Rotasi Sunyi, Taruhannya Tajam: Intelijen Kejari Lhokseumawe Berganti Komando
Aradionews.id - Pergantian pucuk intelijen di Kejaksaan Negeri Lhokseumawe bukan sekadar seremoni rutin. Di balik serah terima jabatan yang berlangsung Kamis (30/4/26), terselip pesan tegas,
Fungsi intelijen harus lebih presisi membaca ancaman hukum yang kian kompleks.
Fauzi resmi menjabat Kepala Seksi Intelijen, menggantikan Therry Gutama yang kini ditarik ke Kejaksaan Tinggi Riau. Perpindahan ini menempatkan Fauzi yang sebelumnya menangani pidana umum di Aceh Tamiang pada posisi strategis yang menuntut kecepatan analisis dan akurasi deteksi dini.
Kepala Kejari Lhokseumawe, Feri Mupahir, tak berpanjang kata. Ia menegaskan rotasi adalah instrumen penyegaran sekaligus uji ketajaman.
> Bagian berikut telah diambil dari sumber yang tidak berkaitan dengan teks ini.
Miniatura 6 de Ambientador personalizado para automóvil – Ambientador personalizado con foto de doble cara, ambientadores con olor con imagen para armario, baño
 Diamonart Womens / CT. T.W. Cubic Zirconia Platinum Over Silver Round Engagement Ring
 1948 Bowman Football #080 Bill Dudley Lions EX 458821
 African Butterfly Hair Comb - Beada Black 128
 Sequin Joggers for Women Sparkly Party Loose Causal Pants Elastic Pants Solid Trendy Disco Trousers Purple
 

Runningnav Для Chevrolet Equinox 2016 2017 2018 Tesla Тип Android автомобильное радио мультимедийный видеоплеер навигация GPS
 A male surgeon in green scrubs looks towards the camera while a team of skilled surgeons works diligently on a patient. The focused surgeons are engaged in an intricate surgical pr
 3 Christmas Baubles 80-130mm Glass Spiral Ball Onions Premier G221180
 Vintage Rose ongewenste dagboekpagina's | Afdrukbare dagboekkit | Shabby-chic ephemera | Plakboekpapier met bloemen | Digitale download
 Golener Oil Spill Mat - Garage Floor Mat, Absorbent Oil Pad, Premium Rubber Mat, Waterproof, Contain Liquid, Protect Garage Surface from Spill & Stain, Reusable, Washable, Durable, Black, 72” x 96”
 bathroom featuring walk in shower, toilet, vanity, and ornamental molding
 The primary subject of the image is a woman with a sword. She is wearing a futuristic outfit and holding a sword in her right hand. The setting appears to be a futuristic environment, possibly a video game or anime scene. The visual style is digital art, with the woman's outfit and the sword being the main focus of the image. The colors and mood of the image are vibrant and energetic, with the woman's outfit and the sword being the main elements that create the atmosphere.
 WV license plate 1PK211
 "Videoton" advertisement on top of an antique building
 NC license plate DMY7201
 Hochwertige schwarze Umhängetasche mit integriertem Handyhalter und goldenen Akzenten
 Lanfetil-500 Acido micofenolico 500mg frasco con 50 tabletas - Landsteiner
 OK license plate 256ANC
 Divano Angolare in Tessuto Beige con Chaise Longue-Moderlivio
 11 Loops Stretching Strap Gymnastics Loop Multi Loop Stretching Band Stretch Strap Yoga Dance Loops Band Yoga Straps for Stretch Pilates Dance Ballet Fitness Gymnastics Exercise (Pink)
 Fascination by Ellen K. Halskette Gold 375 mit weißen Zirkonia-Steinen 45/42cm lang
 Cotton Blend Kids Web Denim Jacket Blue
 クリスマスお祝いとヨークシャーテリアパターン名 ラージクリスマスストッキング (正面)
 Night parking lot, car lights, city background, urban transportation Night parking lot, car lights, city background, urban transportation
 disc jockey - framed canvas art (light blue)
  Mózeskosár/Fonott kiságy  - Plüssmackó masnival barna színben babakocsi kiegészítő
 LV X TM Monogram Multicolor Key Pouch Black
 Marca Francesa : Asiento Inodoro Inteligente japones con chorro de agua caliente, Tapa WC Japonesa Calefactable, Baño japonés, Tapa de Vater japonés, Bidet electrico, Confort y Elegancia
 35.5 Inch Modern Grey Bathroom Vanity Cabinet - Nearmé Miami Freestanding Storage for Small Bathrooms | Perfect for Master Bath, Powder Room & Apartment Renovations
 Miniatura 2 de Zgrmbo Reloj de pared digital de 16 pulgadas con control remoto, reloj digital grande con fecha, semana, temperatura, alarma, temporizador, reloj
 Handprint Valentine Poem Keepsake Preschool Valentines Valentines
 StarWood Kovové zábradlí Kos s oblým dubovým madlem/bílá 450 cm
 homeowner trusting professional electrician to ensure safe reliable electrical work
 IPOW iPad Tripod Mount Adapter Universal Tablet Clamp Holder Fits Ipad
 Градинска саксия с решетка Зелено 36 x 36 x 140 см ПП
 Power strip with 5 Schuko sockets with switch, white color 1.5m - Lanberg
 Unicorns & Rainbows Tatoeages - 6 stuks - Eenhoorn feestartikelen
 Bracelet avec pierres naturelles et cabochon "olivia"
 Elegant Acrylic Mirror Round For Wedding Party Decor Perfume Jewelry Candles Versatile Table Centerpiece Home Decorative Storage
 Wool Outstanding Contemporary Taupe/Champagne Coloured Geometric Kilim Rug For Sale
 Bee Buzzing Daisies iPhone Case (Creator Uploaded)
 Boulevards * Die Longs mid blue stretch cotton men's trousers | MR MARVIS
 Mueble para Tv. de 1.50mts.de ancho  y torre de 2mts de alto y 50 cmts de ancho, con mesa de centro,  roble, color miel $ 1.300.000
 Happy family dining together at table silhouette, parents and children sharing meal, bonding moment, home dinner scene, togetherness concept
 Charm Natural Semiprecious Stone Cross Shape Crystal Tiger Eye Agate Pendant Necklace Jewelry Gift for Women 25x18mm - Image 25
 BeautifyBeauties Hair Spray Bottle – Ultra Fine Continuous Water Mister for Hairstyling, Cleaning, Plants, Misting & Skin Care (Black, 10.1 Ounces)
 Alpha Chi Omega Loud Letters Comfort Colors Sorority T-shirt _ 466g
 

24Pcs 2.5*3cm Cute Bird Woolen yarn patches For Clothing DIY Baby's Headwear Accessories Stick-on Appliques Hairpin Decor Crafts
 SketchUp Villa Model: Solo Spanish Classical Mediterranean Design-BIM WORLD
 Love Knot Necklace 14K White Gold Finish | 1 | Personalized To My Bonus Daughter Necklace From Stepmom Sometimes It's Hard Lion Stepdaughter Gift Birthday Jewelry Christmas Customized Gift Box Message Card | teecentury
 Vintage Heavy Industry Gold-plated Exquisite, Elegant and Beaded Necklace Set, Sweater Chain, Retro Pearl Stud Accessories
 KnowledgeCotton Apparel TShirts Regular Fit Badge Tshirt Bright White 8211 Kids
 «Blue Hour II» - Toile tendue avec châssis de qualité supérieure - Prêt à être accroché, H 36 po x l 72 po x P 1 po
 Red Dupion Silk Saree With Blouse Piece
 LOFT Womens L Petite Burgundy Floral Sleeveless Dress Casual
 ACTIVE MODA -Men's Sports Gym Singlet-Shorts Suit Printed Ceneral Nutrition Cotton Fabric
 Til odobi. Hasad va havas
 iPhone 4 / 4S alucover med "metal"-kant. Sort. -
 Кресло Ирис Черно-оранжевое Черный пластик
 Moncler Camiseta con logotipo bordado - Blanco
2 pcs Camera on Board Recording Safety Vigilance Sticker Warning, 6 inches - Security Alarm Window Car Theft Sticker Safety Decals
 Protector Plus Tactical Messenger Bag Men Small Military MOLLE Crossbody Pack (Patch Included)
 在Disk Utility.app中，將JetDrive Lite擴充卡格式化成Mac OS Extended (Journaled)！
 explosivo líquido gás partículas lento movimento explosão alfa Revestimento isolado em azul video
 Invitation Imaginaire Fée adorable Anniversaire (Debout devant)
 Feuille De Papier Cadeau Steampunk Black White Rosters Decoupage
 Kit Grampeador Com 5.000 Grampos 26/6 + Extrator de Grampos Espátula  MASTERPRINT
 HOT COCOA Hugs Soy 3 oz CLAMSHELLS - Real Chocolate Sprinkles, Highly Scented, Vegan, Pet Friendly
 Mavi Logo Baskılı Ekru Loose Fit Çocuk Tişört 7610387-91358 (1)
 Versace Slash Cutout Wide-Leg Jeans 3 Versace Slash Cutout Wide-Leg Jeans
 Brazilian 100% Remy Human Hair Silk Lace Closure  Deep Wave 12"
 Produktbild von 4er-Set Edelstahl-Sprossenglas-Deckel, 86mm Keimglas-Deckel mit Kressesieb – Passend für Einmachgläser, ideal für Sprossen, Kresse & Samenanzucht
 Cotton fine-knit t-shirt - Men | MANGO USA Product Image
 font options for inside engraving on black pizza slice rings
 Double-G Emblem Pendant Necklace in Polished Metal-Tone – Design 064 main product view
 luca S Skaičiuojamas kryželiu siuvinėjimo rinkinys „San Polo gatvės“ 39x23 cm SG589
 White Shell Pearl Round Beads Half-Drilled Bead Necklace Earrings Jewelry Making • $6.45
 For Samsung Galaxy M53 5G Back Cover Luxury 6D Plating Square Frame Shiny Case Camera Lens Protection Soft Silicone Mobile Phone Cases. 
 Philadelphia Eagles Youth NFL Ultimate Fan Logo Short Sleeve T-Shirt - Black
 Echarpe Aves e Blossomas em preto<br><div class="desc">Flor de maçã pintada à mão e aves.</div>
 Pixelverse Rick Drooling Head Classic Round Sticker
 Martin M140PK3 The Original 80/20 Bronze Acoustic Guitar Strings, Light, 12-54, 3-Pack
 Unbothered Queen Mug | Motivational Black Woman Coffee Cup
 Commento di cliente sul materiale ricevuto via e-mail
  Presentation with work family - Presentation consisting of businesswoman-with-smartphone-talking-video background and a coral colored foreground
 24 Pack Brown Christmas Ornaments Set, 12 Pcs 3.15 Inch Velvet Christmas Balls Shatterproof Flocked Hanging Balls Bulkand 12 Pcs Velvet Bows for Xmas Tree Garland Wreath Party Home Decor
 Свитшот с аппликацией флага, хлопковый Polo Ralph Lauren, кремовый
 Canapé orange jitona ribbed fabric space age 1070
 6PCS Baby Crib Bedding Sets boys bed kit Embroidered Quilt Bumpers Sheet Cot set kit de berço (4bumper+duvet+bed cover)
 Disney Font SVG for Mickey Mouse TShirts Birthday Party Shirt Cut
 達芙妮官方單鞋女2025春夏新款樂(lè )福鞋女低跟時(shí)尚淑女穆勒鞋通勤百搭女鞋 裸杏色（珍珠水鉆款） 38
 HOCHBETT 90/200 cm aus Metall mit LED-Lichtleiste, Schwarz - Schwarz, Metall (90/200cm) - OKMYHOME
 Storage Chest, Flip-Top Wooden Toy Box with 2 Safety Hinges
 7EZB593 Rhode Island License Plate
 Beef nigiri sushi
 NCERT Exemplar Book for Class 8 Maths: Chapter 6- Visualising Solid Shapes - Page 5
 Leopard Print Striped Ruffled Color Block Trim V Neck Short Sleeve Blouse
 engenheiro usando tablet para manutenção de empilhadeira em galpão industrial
Apresiasi diberikan kepada Therry, namun ekspektasi diarahkan penuh kepada penggantinya, segera beradaptasi, bekerja senyap, dan tepat sasaran.
“Intelijen adalah mata dan telinga institusi,” tegas Feri.
Sebuah penekanan yang secara implisit menggarisbawahi peran intelijen sebagai garda awal, bukan pelengkap.
Dengan lanskap penegakan hukum yang makin dinamis, kursi Kasi Intel bukan ruang belajar panjang. Ia adalah ruang keputusan cepat. Dan mulai hari ini, beban itu berpindah ke tangan Fauzi.[]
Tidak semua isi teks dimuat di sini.